ETL SQL

Learn Extract Transform Load using SQL & PySpark

Redshift create table & copy data from S3

In this post, we will see a very simple example in which we will create a Redshift table with basic structure and then we will see what all additional properties Redshift will add to it by default. Then we will quickly discuss about those properties and in subsequent posts we will see how these properties impact the overall query performance of these tables. I will be referring to TPC-H tables and queries in Redshift related posts.
Let’s create a sample table now.

CREATE TABLE IF NOT EXISTS h_part(
p_partkey BIGINT ,
p_name VARCHAR(55) ,
p_mfgr VARCHAR(25) ,
p_brand VARCHAR(10) ,
p_type VARCHAR(25) ,
p_size DECIMAL(38,0) ,
p_container VARCHAR(10) ,
p_retailprice DECIMAL(38,18) ,
p_comment VARCHAR(23)
);

So I am creating “h_part” table with few columns and I have just specified the datatype for all the columns. This is minimum table level properties you must specify in order to create any table in Redshift. Now let’s check the table definition in Redshift.
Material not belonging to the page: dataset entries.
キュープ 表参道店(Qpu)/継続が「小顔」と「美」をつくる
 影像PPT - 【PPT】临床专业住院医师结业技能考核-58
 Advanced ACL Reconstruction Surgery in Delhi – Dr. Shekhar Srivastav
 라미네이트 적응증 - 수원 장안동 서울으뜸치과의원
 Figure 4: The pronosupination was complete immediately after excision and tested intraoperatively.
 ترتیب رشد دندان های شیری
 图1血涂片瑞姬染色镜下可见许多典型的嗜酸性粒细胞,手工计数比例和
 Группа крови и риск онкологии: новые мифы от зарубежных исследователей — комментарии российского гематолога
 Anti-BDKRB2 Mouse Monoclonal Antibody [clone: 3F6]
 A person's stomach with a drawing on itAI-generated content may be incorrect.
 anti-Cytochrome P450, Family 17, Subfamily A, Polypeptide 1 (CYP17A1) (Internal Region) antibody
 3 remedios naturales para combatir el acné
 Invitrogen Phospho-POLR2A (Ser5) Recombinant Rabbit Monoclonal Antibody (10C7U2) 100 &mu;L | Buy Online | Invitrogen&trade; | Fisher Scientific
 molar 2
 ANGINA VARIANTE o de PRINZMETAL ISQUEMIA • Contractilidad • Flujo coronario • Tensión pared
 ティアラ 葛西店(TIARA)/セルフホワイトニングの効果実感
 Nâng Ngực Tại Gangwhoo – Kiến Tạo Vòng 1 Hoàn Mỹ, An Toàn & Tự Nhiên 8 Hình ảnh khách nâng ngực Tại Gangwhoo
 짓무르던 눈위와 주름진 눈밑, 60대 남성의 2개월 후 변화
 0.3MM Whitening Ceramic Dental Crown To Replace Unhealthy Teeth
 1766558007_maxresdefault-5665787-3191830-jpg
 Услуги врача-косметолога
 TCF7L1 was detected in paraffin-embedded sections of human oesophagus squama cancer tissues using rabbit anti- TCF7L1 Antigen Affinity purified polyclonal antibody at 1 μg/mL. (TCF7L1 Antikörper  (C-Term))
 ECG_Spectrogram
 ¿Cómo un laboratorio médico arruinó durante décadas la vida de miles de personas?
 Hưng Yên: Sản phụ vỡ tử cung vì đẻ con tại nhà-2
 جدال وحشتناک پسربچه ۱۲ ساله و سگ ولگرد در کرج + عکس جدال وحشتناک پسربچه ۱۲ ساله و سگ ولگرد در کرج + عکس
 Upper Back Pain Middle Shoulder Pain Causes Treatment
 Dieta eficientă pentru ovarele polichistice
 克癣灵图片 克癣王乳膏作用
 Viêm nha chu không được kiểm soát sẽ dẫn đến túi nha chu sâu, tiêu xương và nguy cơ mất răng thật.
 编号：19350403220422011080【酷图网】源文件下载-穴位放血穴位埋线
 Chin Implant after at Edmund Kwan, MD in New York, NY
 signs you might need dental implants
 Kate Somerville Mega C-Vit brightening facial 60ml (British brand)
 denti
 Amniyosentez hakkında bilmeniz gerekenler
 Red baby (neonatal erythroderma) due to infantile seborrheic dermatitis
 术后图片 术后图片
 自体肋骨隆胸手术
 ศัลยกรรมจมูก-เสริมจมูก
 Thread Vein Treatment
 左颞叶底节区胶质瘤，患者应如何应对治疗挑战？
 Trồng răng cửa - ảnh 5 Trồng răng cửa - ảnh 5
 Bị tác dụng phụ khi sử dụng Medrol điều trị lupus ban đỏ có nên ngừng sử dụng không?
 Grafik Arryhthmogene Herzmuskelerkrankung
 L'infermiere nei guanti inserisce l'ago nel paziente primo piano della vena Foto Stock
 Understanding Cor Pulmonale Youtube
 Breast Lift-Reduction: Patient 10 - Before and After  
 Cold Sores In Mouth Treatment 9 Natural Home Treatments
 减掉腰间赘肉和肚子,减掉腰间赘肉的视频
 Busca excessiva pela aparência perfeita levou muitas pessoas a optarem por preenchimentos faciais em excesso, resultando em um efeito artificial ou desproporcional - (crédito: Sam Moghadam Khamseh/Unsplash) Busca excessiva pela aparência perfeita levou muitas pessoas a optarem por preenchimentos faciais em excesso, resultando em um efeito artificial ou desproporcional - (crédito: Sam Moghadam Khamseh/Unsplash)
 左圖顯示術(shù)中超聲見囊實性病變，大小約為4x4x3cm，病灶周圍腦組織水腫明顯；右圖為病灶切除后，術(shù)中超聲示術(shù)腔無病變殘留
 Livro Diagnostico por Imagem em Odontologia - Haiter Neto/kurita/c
CREATE TABLE IF NOT EXISTS public.h_part
(
" p_partkey BIGINT ENCODE az64"
" ,p_name VARCHAR(55) ENCODE lzo"
" ,p_mfgr VARCHAR(25) ENCODE lzo"
" ,p_brand VARCHAR(10) ENCODE lzo"
" ,p_type VARCHAR(25) ENCODE lzo"
" ,p_size NUMERIC(38,0) ENCODE az64"
" ,p_container VARCHAR(10) ENCODE lzo"
" ,p_retailprice NUMERIC(38,18) ENCODE az64"
" ,p_comment VARCHAR(23) ENCODE lzo"
)
DISTSTYLE AUTO
;

Two important points to notice here:

1) ENCODE: Appropriate encoding (compression technique) is added to each column. Since Redshift is columnar database, it leverages advantage of having specific compression algorithm for each column as per datatype rather than uniform compression for entire table.

2) DISTSTYLE: Distribution style of “AUTO” is added to the table which will work as “ALL” when table is small and will switch to “EVEN” as the table size will grow.

We will not change anything for now. We will keep table structure as-is and will proceed to data loading in the next post. We will talk more about these properties in details in later posts.

4 ways to create table in Redshift

In the previous post, we saw that you can create table in redshift by specifying 3 minimum details : Table Name, Column Name & Column Datatype. Redshift automatically adds encoding & distribution style to the table if nothing is specified explicitly. In this post, we will see 4 ways in which can create table in Redshift.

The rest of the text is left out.